In n discotheek waar ik zeer regelmatig licht doe, hebben we ook bewegende truss. De takels worden hier door de Enigma Tafel aangestuurd, en ook hebben we Rolling-Safety's (2 per takel). De takels die gebruikt worden zijn CM Lodestar (of hoe je het spelt).

Nu de Vraag, gaat dit ook via dmx? en is het via dmx sturen van takels (aldan wel of niet boven publiek) toegestaan? Of wordt hier gebruik gemaakt van een soort converter o.i.d.? Of heeft de enigma gewoon een Takel sturing aanboord waardoor het wel mag? (lijkt me vrij onlogisch omdat de enigma niet veel anders is als een computer, en dus vrij onstabiel).

Ben wel benieuwt hoe het hier dan geregeld/gebouwd is.........

----------


## rinus bakker

> citaat:_Geplaatst door Ws Soundexpresse_
> 1 .. hebben we ook bewegende truss. De takels worden hier door de Enigma Tafel aangestuurd, 
> 2 .. en ook hebben we Rolling-Safety's (2 per takel). 
> 3 .. De takels die gebruikt worden zijn CM Lodestar (of hoe je het spelt).
> 4 .. Nu de Vraag, gaat dit ook via dmx? en is het via dmx sturen van takels (aldan wel of niet boven publiek) toegestaan? 
> 5 .. Of wordt hier gebruik gemaakt van een soort converter o.i.d.? Of heeft de enigma gewoon een Takel sturing aanboord waardoor het wel mag? (lijkt me vrij onlogisch omdat de enigma niet veel anders is als een computer, en dus vrij onstabiel).



Hallo Willem,
dat zijn nogal wat opmerkingen en vragen.
1. Wat is een Enigma tafel? En wat stuurt die uit?

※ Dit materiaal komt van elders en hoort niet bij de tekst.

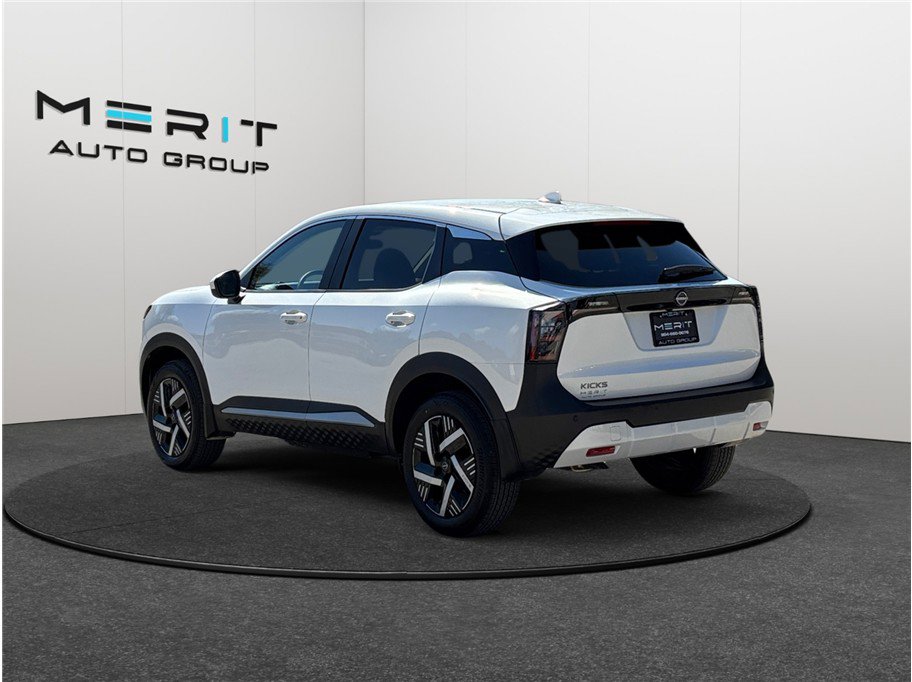 Used 2025 Nissan Kicks SV image 7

Analoge of Digi-volten?
2. Wow, 2 maar liefst... waarschijnlijk 2 x elk de helft van de takellast?  Dat is soms goedkoper dan 1 x het hijsvermogen.
3. Helemaal goed!
4. Waarschijnlijk weet je het zelf het best, want één enkele blik of vraag als je er weer bent, moet voldoende zijn. 
- En wat betreft "toegestaan....."?  :Big Grin:  [8D] [:I]
Denk je dat er maar 1 iemand in een Ministerie is, die weet wat DMX is? Laat staan hoe het werkt, laat al helemaal staan of er al dan niet iets mee toegestaan zou worden.... 
Voor hijswerk boven mensen zijn we al lang blij dat ze op SZW inmiddels weten dat er trekkenwanden in theaters bestaan (tenslotte bestaat het fenomeen 'lijsttheater' al sinds de Renaissance, dus een jaartje of 400!)  :Frown:  [|)] [|)] [|)] [|)]
En dus komen ze er over 200 jaar (want de tijd gaat steeds harder, ook in Den Haag) dat er ook hijsen en heffen bestaat in de R'n'R, Drive-in/Disco, Dance, Events, Incentives & Industrials .... 
En dat er daarbij "iets" al dan niet zal worden toegestaan, kost dan nog eens 50 jaar vergaderen over beleid, prioriteiten, maden en wormen enz.   [:I]  :Frown:  [ :Embarrassment: )]
5. Onderzoek ter plaatse hoe het werkt, en pak daarna de DIN-norm voor punttrekken er maar eens bij, en zoek daarin naar de DMX-acceptatie. Dan is er eigenlijk maar 1 antwoord mogelijk, en het begint met een 'N'.  :Smile:

----------


## paul100

De Redenen waarom DMX geen goed protocol is om takels aan te sturen.

Het protocol mist wat.

1- Het is zeer belangrijk dat de takel en/of hijs installatie een krachtmeting doet tijdens het hijsen en dit terugkopelt naar een sturing. Dit kan dmx niet.
2- Noodstop is ook verplicht dit gaat niet lukken via dmx volgens de eisen die de machine richtlijnen eraan stellen."by the way wel" eens een lichttafel gezien met noodstop?????
3- De takel moet een status geven naar opperator zoals hijssnelheid, afgelegde afstand, hijs gewicht ,enz
lukt ook niet via dmx.
4- DMX is een constant loop protcol. dit houd in dat hij om de (afhankelijk van het aantal kanalen) ëen aantal msec. de byte reeks verstuurd.
en dit constant achter elkaar.
Dit is gedaan omdat de electronica 15jaar geleden niet zo snel was.
het is echter wel storings gevoelig.

Al zou je een takel digitaal willen sturen dan moet het een 2weg communicatie wezen. met een protocol zoiets als-

-sturing vraagt status takel - takel geeft status door aan sturing- sturing controleerd - sturing geeft nieuwe positie naar takel(3 keer achter elkaar)- takel controleerd positie, beweegt en geeft tijdens beweging status door- takel stopt op positie en geeft dit aan sturing door.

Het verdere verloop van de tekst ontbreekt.